# What to do
Would you restate the full listing word for word and omit its pictures?

# Exercise data
##############################

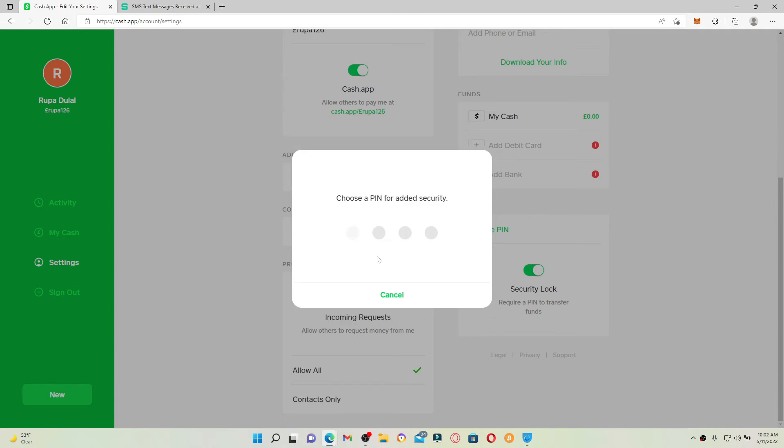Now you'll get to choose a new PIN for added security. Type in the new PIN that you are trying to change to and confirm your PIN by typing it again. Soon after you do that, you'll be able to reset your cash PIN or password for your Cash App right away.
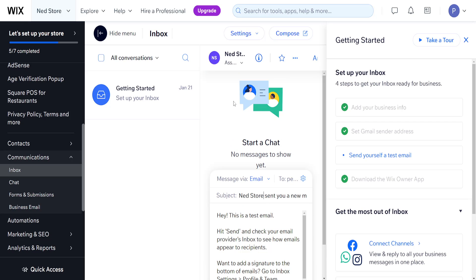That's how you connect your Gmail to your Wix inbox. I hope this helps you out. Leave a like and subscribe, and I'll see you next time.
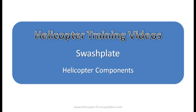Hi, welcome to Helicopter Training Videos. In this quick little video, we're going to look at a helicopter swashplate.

##############################

# Task solution
Now you'll get to choose a new PIN for added security. Type in the new PIN that you are trying to change to and confirm your PIN by typing it again. Soon after you do that, you'll be able to reset your cash PIN or password for your Cash App right away.
That's how you connect your Gmail to your Wix inbox. I hope this helps you out. Leave a like and subscribe, and I'll see you next time.
Hi, welcome to Helicopter Training Videos. In this quick little video, we're going to look at a helicopter swashplate.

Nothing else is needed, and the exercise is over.